A cuia voltou cheia e molhada e Rhea não demorou em levá-la a boca, bebendo a
sopa como se fosse um suco.
Me lembrei de imediato de uma estranha mistura que minha mãe fazia quando
queria emagrecer. Era uma sopa, pelo menos ela dizia que era, onde se
misturavam todos os temperos possíveis e imagináveis. Quando pronta, a mistura
tinha consistência e cor de vômito, além de um cheiro insuportável. No início,
minha mãe servia a sopa em um prato, e tomava com colher como se fosse comida
de verdade, mas a tortura era tão tremenda que ela passou a colocar a mistura
num copo e beber num só gole, para acabar com aquilo de vez.

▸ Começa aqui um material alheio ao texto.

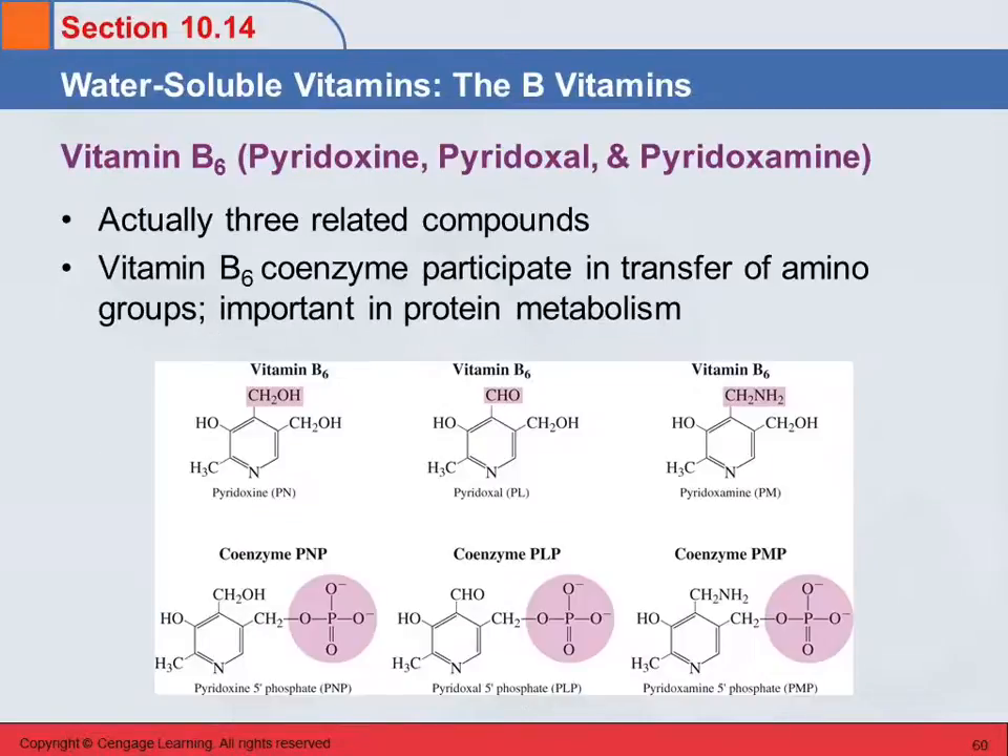Vitamin B6 actually has three forms because it's three different but closely related compounds: pyridoxine, pyridoxal, and pyridoxamine. Pyridoxamine has an amine group, pyridoxal has an aldehyde group — that's the "al" in its name — and pyridoxine is the alcohol version. These are precursors to the corresponding coenzymes, obtained by simply adding a phosphate group. These coenzymes are important in the transfer of amino groups, which is needed in protein metabolism.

A sopa vermelha escorreu pela boca de Rhea, pingando de seu queixo
ossudo. Por um momento, todo meu apetite se extinguiu, e uma onda de repulsa e
asco me dominou vinda de lugar nenhum. Jon, sentado a meu lado e indiferente a
meus engulhos, mergulhou sua cuia na tina de sopa e a entornou, bebendo tudo
num gole só. Minha barriga roncou alto para me lembrar que não era hora para
frescura.
- Está uma delícia, Rhea – Amanda disse, se servindo de sopa pela segunda
vez. – Tem um gosto que eu não consigo identificar, é de legumes?
Rhea limpou a boca com a manga do vestido e sorriu para Amanda. Deixei
minha cuia cair com um estrondo na mesa ao ver os dentes de Rhea cobertos de
sangue. Levantei-me com um pulo, mas uma segunda olhada me fez ver que seus
dentes estavam alvos, como sempre foram.
- Calma, Edie – Jon disse, também se levantando. – O que foi?
Minha sopa se espalhara pela mesa, tingindo-a de vermelho. Procurei um guardanapo
próximo, mas não tinha nenhum.
- Desculpe, acho que... Pensei ter visto uma coisa. A luz me pregou uma
peça, foi isso.
Rhea apareceu com um pano nas mãos e um sorriso no rosto.
- Tudo bem, foi só um engano. Temos sopa suficiente.
Enxuguei a mesa molhada com o pano puído de algodão. A sopa vermelha
sendo absorvida pelo algodão branco me deu mais uma sensação estranha,
incômoda. A sopa de Rhea revirou no meu estômago e quase fez o caminho
contrário para ser expulsa pela minha boca. Mas consegui me segurar.
- Senta, Edie – Perla falou. – Você deve estar fraco, com fome.
Todos na mesa dividiam a mesa opinião, eu podia dizer só de olhar seus
rostos. Se eu continuasse tendo ataques como aquele, ia ser abandonado no meio
da floresta, como João e sua irmãzinha Maria.
João e Maria, pensei. O que
João e Maria tinham a ver com aquilo? Uma lembrança antiga tentou emergir de
minha cabeça. Nada. Mas o caminho era aquele, com certeza. João e Maria...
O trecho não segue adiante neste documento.